This is mostly done so they can independently manage resources, though
it is also necessary to do some common container operations - the
'podman stats' and 'podman top' commands, for example, track processes
in the container by its CGroup.
The exception I mentioned was rootless containers in a CGroup v1
environment. There is no support for delegation to rootless containers
in the V1 hierarchy, so the containers have no permission to create
CGroups.
For most people, this is perfectly sufficient, but we definitely
recognize that there are use cases that require keeping containers in
CGroups managed elsewhere - most notably, from systemd unit files.
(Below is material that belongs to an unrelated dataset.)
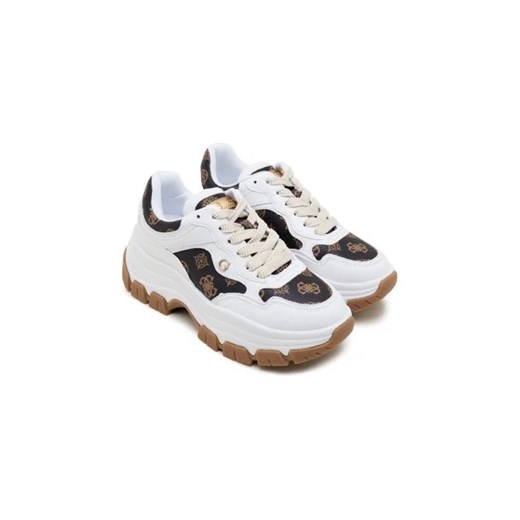 Buty sportowe damskie Guess sneakersy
There is work ongoing at [1] to enable this, though I caution that
there are a lot of moving parts here - we don't just need support in
Podman, but also in 'runc' - Podman isn't actually creating the new
CGroup for the container, the OCI runtime (usually 'runc') is.
Also, a bit more context: the Conmon CGroup is not the container
CGroup. Conmon creates its own CGroup (for various legacy reasons -
we're evaluating whether these still hold true, and this could change)
and then spawns the OCI runtime - and then the OCI runtime spawns its
own CGroup. So you'll have a Conmon CGroup and another for the actual
container (the two 'libpod' cgroups).
The parent situation is simpler to explain; Podman launches conmon,
and then conmon double-forks to daemonize. At that point, the two are
effectively separate; Podman itself can go away completely, and the
Conmon process will continue managing the container. This is
deliberate - Podman is just the frontend that launches the container,
and we don't need it to keep running once the container is started.
Because of this, we recommend tracking Conmon, not Podman, with unit
files. In Podman 1.5.0 and later, 'podman generate systemd' will
properly handle this, creating a unit file that tracks Conmon using
PID file.
I hope this helps explain things.
Thanks,
Matt Heon
[1]
https://github.com/containers/libpod/pull/3581